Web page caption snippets
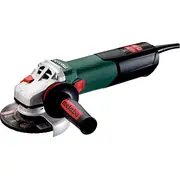 Leņķa slīpmašīna Metabo Wev 17-125 Quick  600516000 4007430306593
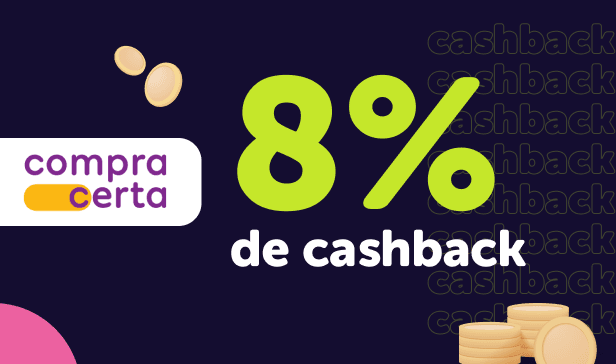 Veja itens no Compra Certa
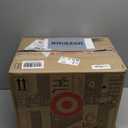 Cordless Vacuum Cleaner, 40KPA/40Mins, LED Display, Lightweight Stick Vacuum with Powerful Suction, Self-Standing, Green Light, Rechargeable Vacuum Cleaners for Home Pet Hair Carpet Hard Floors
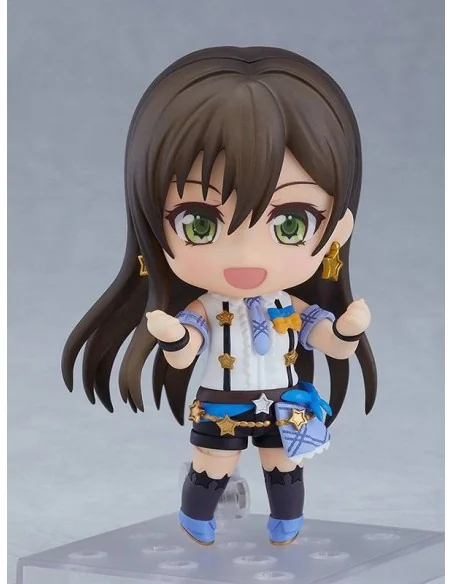 BanG Dream! Girls Band Party!: Tae Hanazono Stage Outfit Ver. Nendoroid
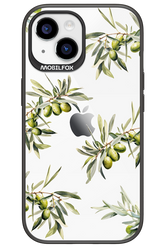 Olive Tree - Apple iPhone 15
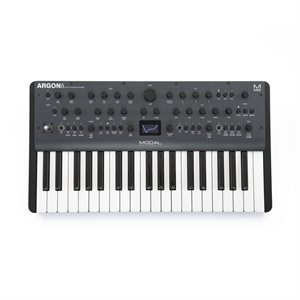 MODAL ARGON8 8 VOICE 37-KEY WAVETABLE SYNTHESISER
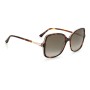 Gafas de Sol Mujer Jimmy Choo JUDY-S-0T4-HA ø 57 mm | Tienda24 Tienda24.eu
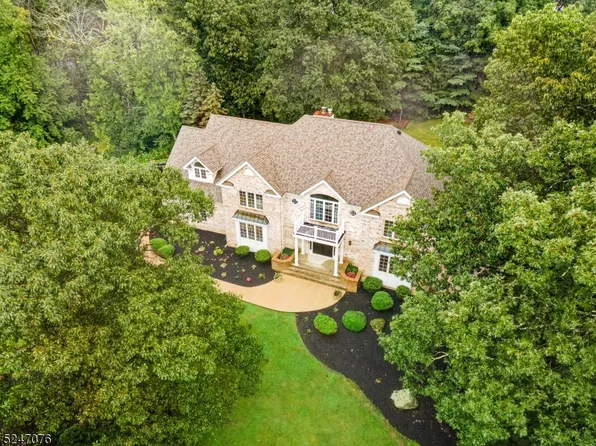 31 Bromley Ct, Montville Twp., NJ 07045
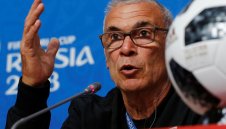 Ектор Купер вече е пътник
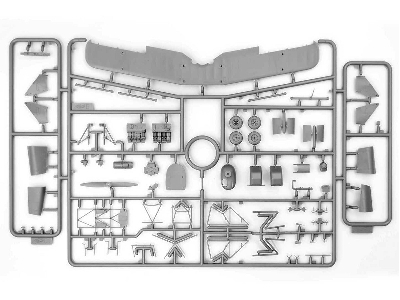 Bücker Bü 131d (Winter Version) - image 4
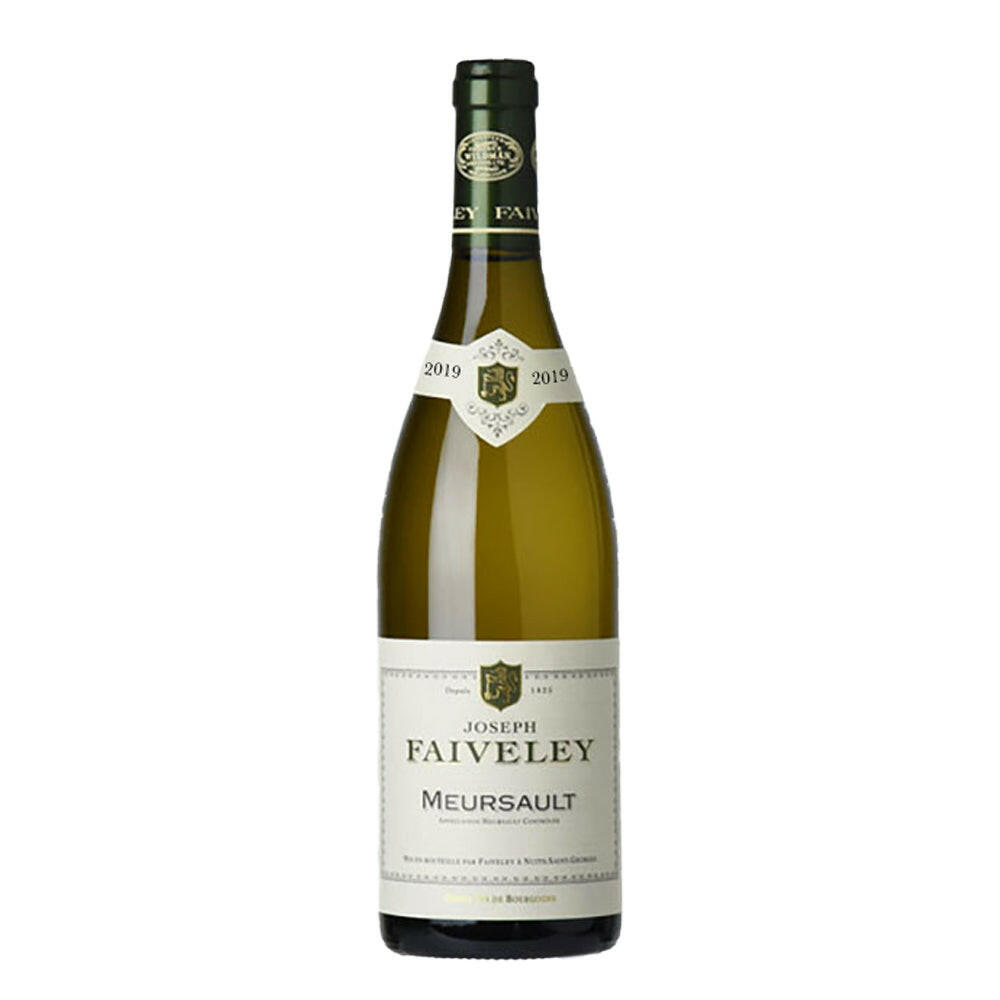 Faiveley Meursault 2019.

## WORK TO COMPLETE
The answer must consist solely of the lines from the first line of the data through the line containing "Olive Tree - Apple iPhone 15", inclusive, reproduced exactly and without pictures.

## EXPECTED ANSWER
 Leņķa slīpmašīna Metabo Wev 17-125 Quick  600516000 4007430306593
 Veja itens no Compra Certa
 Cordless Vacuum Cleaner, 40KPA/40Mins, LED Display, Lightweight Stick Vacuum with Powerful Suction, Self-Standing, Green Light, Rechargeable Vacuum Cleaners for Home Pet Hair Carpet Hard Floors
 BanG Dream! Girls Band Party!: Tae Hanazono Stage Outfit Ver. Nendoroid
 Olive Tree - Apple iPhone 15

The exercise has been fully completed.